In May 7 in Atlanta, the inaugural class of “A STEP UP Assistant Coaches Hall of Fame” will be inducted. It includes Gonzaga’s Donny Daniels, who also coached at UCLA and Utah; UConn’s Chris Dailey, who has been the top assistant to Geno Auriemma for 33 years; and Steve Robinson, the lead assistant to North Carolina’s Roy Williams for 21 years.

Loren Woods (left) and assistant coach Jim Rosborough decompress in the UA locker room after a loss to USC in 1996.

Rosborough is one of four men in Pac-12 basketball history supremely qualified for selection. The others:

  • UCLA’s Jerry Norman, who from 1956-68 was John Wooden’s top assistant coach, the man credited with creating the Bruins’ famous 2-2-1 zone press.
  • Oregon State’s Jimmy Anderson, 1965-89, the top assistant to Ralph Miller during three consecutive Pac-10 championships.
  • Gary Cunningham, the man who replaced Norman as UCLA’s top assistant, 1965-75, on the scene for eight national championships.

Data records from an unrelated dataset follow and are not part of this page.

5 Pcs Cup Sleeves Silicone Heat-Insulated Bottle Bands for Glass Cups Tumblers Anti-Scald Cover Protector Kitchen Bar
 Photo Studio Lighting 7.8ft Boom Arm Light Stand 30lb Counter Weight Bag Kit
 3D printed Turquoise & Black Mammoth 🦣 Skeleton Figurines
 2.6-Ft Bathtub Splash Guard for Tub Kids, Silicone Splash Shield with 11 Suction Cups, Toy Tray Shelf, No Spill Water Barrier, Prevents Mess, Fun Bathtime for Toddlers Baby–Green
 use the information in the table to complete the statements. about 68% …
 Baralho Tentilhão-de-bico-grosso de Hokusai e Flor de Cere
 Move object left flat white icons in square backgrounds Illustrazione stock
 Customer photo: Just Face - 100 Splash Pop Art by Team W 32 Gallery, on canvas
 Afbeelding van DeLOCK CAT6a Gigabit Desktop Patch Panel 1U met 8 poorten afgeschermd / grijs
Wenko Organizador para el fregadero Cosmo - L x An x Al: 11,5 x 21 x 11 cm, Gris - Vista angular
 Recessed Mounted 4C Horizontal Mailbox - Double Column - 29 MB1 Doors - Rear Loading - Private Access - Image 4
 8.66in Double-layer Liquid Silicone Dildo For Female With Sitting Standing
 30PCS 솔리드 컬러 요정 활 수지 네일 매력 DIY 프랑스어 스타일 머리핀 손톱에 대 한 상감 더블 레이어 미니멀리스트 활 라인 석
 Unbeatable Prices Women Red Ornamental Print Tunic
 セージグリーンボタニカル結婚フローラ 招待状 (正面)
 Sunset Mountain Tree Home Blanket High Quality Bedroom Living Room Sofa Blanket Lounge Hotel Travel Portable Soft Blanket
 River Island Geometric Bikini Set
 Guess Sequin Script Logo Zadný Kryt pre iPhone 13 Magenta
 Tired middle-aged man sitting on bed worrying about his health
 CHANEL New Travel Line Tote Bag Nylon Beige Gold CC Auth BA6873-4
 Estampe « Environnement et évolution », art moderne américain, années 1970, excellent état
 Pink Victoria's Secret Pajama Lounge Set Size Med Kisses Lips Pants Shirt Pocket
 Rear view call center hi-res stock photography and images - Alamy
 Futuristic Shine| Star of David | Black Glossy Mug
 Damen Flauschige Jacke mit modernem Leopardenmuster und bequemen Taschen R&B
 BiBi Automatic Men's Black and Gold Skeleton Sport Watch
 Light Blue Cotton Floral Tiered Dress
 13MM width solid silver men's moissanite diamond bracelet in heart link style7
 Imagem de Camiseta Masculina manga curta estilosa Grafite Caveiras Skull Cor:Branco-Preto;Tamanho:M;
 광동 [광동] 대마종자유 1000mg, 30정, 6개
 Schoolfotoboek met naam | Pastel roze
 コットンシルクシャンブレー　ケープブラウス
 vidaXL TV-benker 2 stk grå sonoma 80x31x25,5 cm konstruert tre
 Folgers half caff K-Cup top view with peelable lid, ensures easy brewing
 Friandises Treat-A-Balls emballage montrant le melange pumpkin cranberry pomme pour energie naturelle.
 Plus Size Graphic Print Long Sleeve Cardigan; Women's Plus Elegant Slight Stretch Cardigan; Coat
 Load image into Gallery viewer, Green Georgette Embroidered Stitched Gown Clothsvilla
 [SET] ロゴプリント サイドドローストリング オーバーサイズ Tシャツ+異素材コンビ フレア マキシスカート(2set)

It’s not that Rosborough, 74, is planning to leave coaching.

“I wish I could do this for 10 more years, but I know it’s not realistic,” he said.

“I look back and there’s been some crazy stuff in there — women’s tennis, coaching for both basketball teams at Pima. There’s no question I get as much fun out of this as anything I’ve done.”

His is a storybook coaching career like few others.

When Olson was hired at Iowa in 1975, he connected with the former Hawkeye forward to talk about potential Iowa recruits in the Chicago area.

“What Jim lacked in experience — which was everything — he made up for with his personality, his willingness to work, his passion for the game, and his knowledge of the Chicago area,” Olson wrote in his book “Lute! The Seasons of My Life.”

“Roz has been with me for 23 years and was one of the main reasons the Iowa and Arizona programs were so successful.”

If that endorsement doesn’t get you into the Hall of Fame, what does?